- Location: Lanao del Sur, Philippines
- Nearest city: Marawi
- Coordinates: 8°1′14.7″N 124°17′52.7″E﻿ / ﻿8.020750°N 124.297972°E
- Area: 94 hectares (230 acres)
- Established: August 5, 1965
- Governing body: Department of Environment and Natural Resources

= Sacred Mountain National Park =

Protected area in Lanao del Sur, Philippines

Sacred Mountain National Park is a national park in Marawi, Lanao del Sur in the Southern Philippines. The mountain area has an indigenous local name, but lingering colonial influence in the 1960's was still strong during the early years of the republic, leading to the national government into naming the park as "sacred mountain" instead of its local name. Some locals have called for the national park's renaming, to reflect the indigenous identity of the locality. The 94 ha national park and protected area, located in Brgys.

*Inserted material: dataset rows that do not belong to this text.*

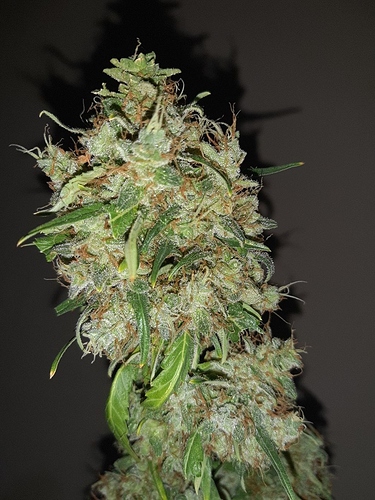 Growreport Bild 8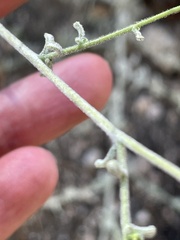 Cordylanthus nevinii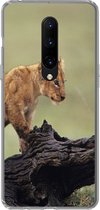 Geschikt voor OnePlus 7 Pro hoesje - Leeuw - Boomstam - Welp - Siliconen Telefoonhoesje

Guimba and Papandayan, was established on August 5, 1965, by Republic Act no. 4190. The main geographic feature of the park is Mount Mupo which has the height of 274.32 m. Activities in the park include birdwatching and trekking to the mountaintop where a pond is located.

Buyo Buyo (Piper abbreviatum) plants dominate and non-native flora in the park include African tulip trees.